Zero, una serie Netflix perfettamente normale e necessaria
Zero è la nuova serie Netflix italiana, incentrata su un ragazzo afrodiscendente con il potere dell'invisibilità. Ecco perché è imperdibile.
Dovremmo pensare con più attenzione quando usiamo la parola “novità”, perché dire che qualcosa è nuovo non coincide con dire che è buono, e magari non è neanche effettivamente una novità, a ben vedere… Ecco, ce lo siamo tolto dall’organismo, ora possiamo parlare di Zero.

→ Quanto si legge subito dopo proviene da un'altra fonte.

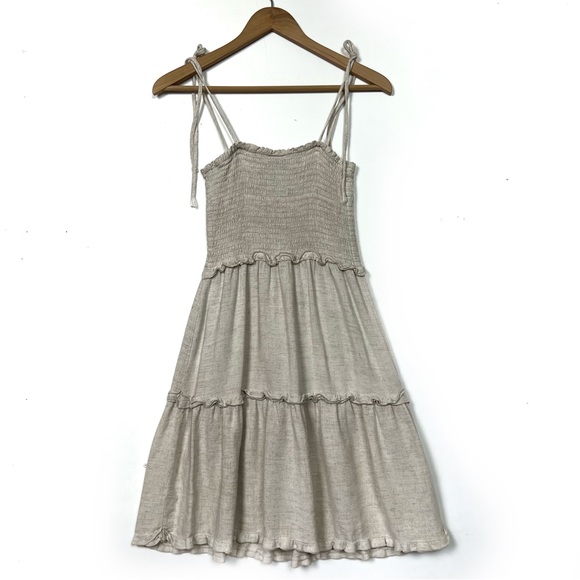 Wild Fable Tiered Spaghetti Strap Dress Sz S - Picture 7 of 15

Per la serie Netflix arrivata sulla piattaforma il 21 aprile userei altri aggettivi, ovvero “importante”, “rilevante”, “necessaria”. Lo show è ispirato al libro Non ho mai avuto la mia età di Antonio Dikele Distefano, qui anche ideatore, e racconta la storia di Omar, nome in codice Zero. Omar vive nel quartiere (fittizio) del Barrio, nella periferia di Milano, insieme a padre e sorella. Un giorno scopre di poter diventare invisibile e si troverà coinvolto nel salvataggio del quartiere dalla gentrification, con un gruppo di nuovi amici, un amore complicato e un sacco di misteri da scoprire.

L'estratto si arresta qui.